- Extracted information -
════════════════════

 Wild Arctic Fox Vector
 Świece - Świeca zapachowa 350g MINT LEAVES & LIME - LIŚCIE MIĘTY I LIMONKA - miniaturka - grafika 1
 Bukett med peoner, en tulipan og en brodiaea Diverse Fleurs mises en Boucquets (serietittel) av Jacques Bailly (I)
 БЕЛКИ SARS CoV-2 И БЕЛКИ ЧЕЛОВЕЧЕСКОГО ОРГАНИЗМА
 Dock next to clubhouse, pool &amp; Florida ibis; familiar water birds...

════════════════════

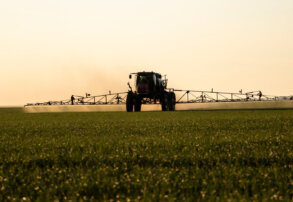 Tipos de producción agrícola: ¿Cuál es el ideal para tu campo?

════════════════════

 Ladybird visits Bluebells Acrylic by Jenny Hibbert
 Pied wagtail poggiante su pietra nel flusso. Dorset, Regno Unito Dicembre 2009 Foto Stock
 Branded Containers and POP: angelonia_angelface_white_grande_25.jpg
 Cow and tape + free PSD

════════════════════

- Assignment -
Above are the records; copy exactly the lines from the line with "Świece - Świeca" through the line with "Dock next to", both included.

- Solution for this problem -
 Świece - Świeca zapachowa 350g MINT LEAVES & LIME - LIŚCIE MIĘTY I LIMONKA - miniaturka - grafika 1
 Bukett med peoner, en tulipan og en brodiaea Diverse Fleurs mises en Boucquets (serietittel) av Jacques Bailly (I)
 БЕЛКИ SARS CoV-2 И БЕЛКИ ЧЕЛОВЕЧЕСКОГО ОРГАНИЗМА
 Dock next to clubhouse, pool &amp; Florida ibis; familiar water birds...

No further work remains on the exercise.